## Work order:
From the records below, extract all the text exactly and leave the images behind.

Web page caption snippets
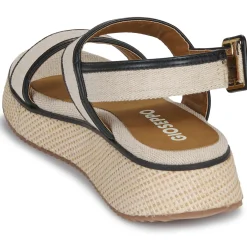 Online Gioseppo - EASTFORD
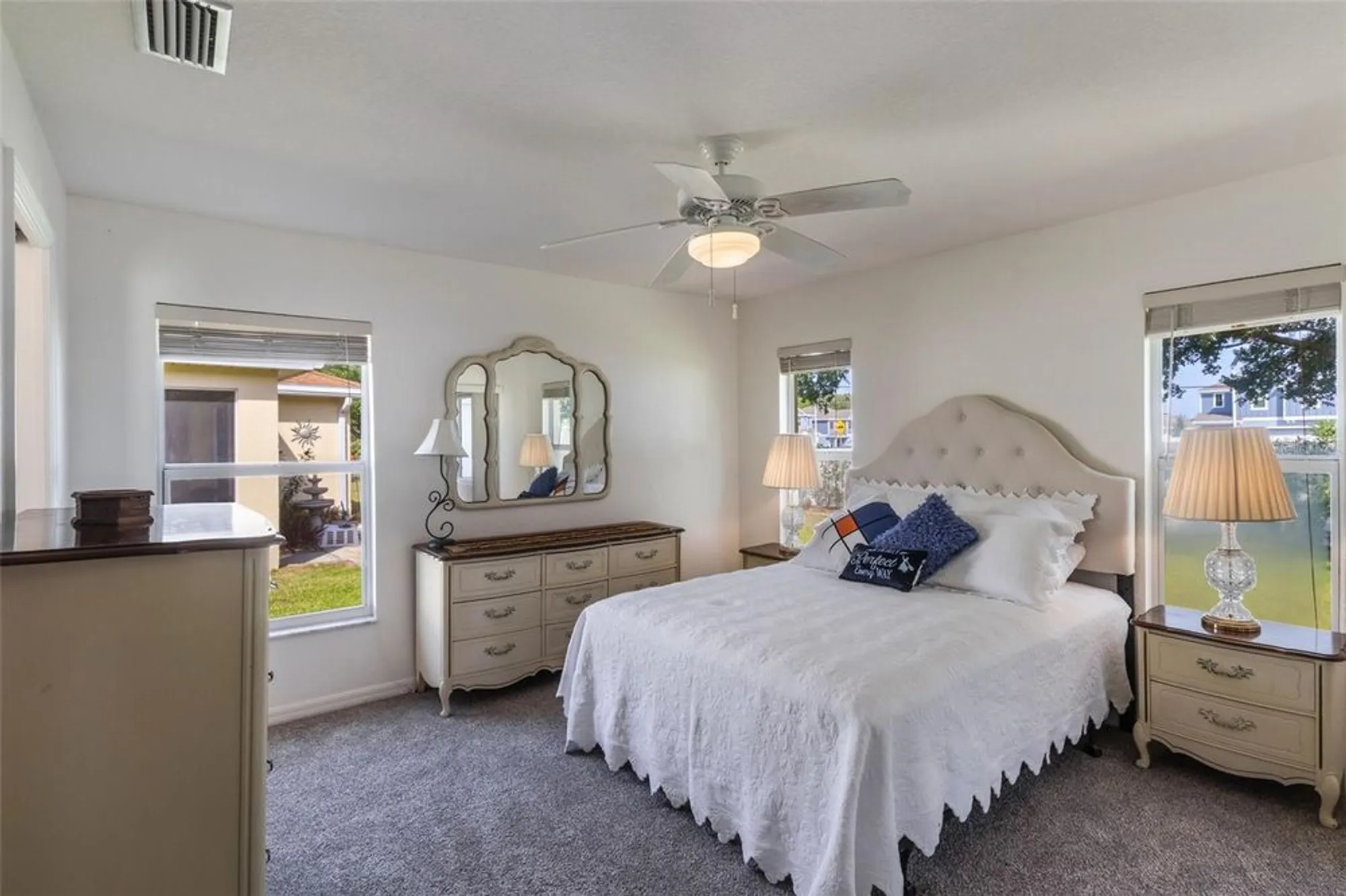 Property Slideshow image 15 of 36 | 284 lake suzanne dr, Lake Wales, FL, 33859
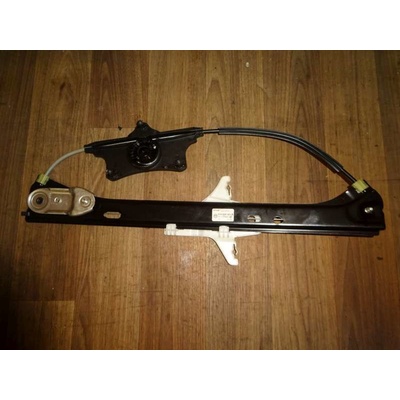 mechanismus stahování oken levý zadní VW Passat B8 3G0 combi 3G9839461A 3G9839461A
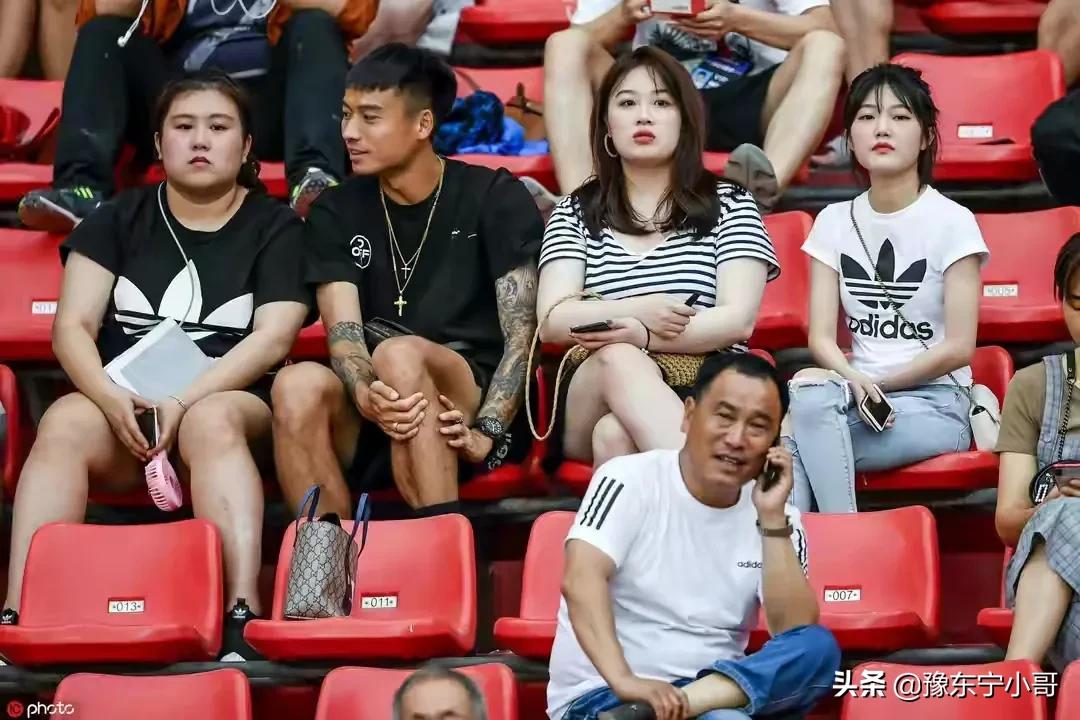 从中超降到中乙的球员,从中超跌到中冠的球员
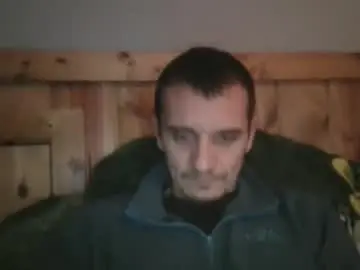 Chaturbate Adult Webcam of bennymn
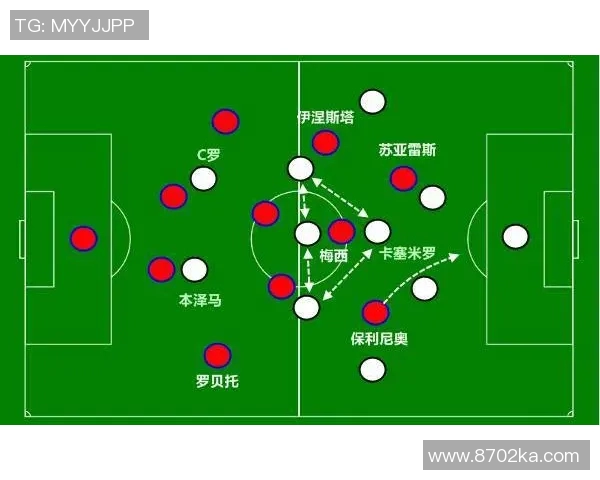 成都篮球队与深圳篮球队赛后战术分析与复盘探讨
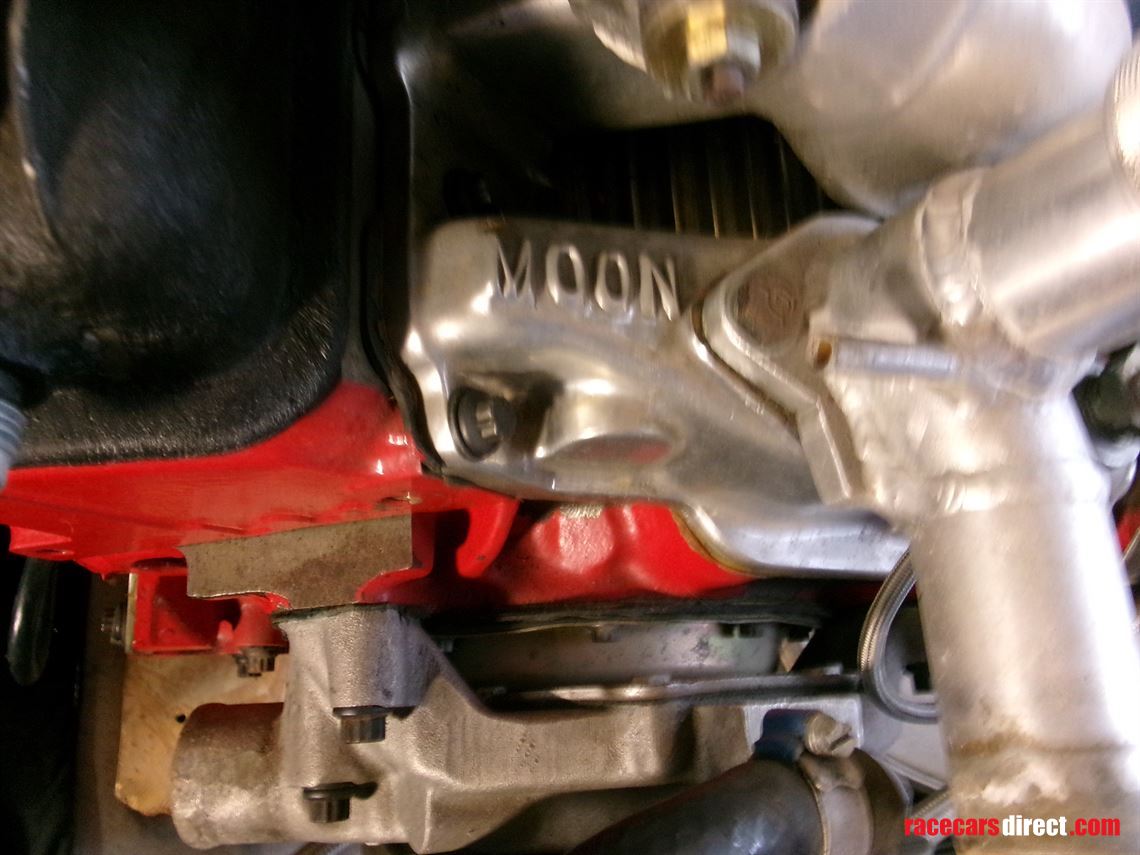 historic-racing-drivetrain-chevrolet-327-v8--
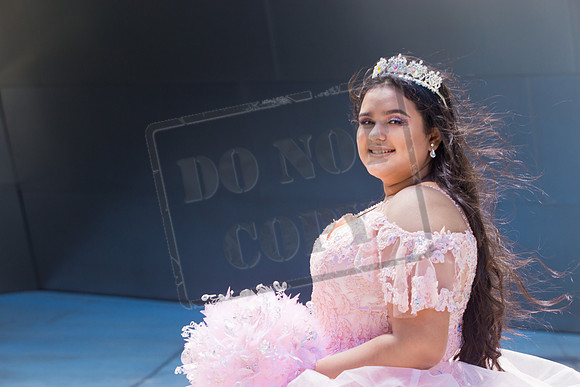 Rosale Ortiz Pre-pictures_0132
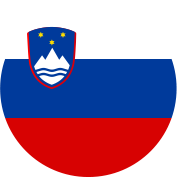Eslovénia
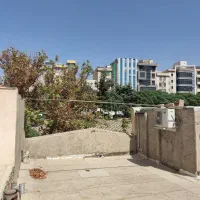 اجاره واحد ویلایی 80متری|اجارهٔ خانه و ویلا|کرج, اسلام‌آباد|دیوار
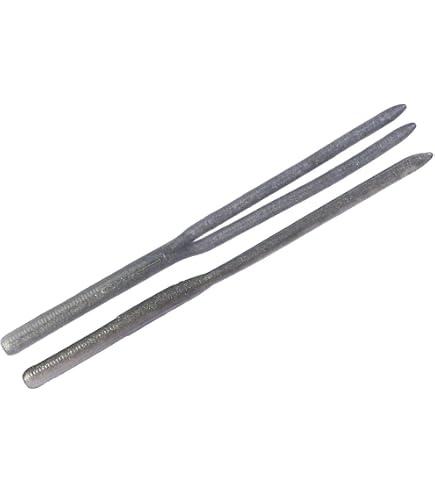 Amazon.co.jp: オーエスピー HP3Dワッキー 5inch OSP HP 3D Wacky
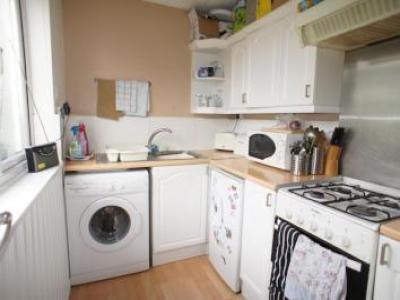 Louer Appartement Bexleyheath rgion DARTFORD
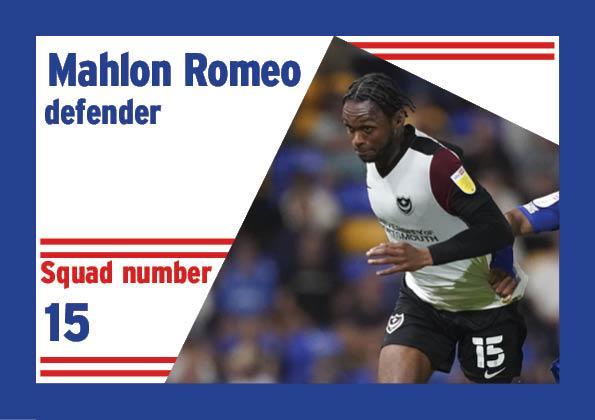 Not at his most swashbuckling but still a classy player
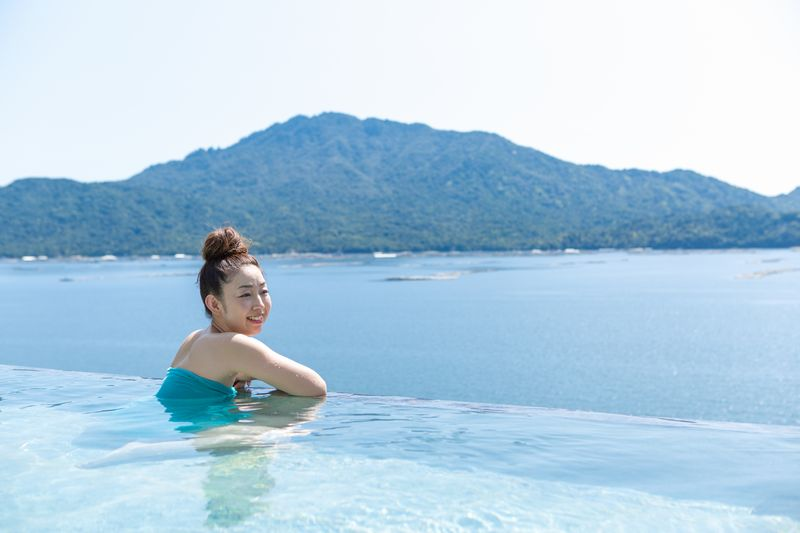 思い立ったら…気軽に温泉に行こう♪２１時までチェックインＯＫ！素泊まり（食事なし）プラン(^^♪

## Result for this exercise:
 Online Gioseppo - EASTFORD
 Property Slideshow image 15 of 36 | 284 lake suzanne dr, Lake Wales, FL, 33859
 mechanismus stahování oken levý zadní VW Passat B8 3G0 combi 3G9839461A 3G9839461A
 从中超降到中乙的球员,从中超跌到中冠的球员
 Chaturbate Adult Webcam of bennymn
 成都篮球队与深圳篮球队赛后战术分析与复盘探讨
 historic-racing-drivetrain-chevrolet-327-v8--
 Rosale Ortiz Pre-pictures_0132
Eslovénia
 اجاره واحد ویلایی 80متری|اجارهٔ خانه و ویلا|کرج, اسلام‌آباد|دیوار
 Amazon.co.jp: オーエスピー HP3Dワッキー 5inch OSP HP 3D Wacky
 Louer Appartement Bexleyheath rgion DARTFORD
 Not at his most swashbuckling but still a classy player
 思い立ったら…気軽に温泉に行こう♪２１時までチェックインＯＫ！素泊まり（食事なし）プラン(^^♪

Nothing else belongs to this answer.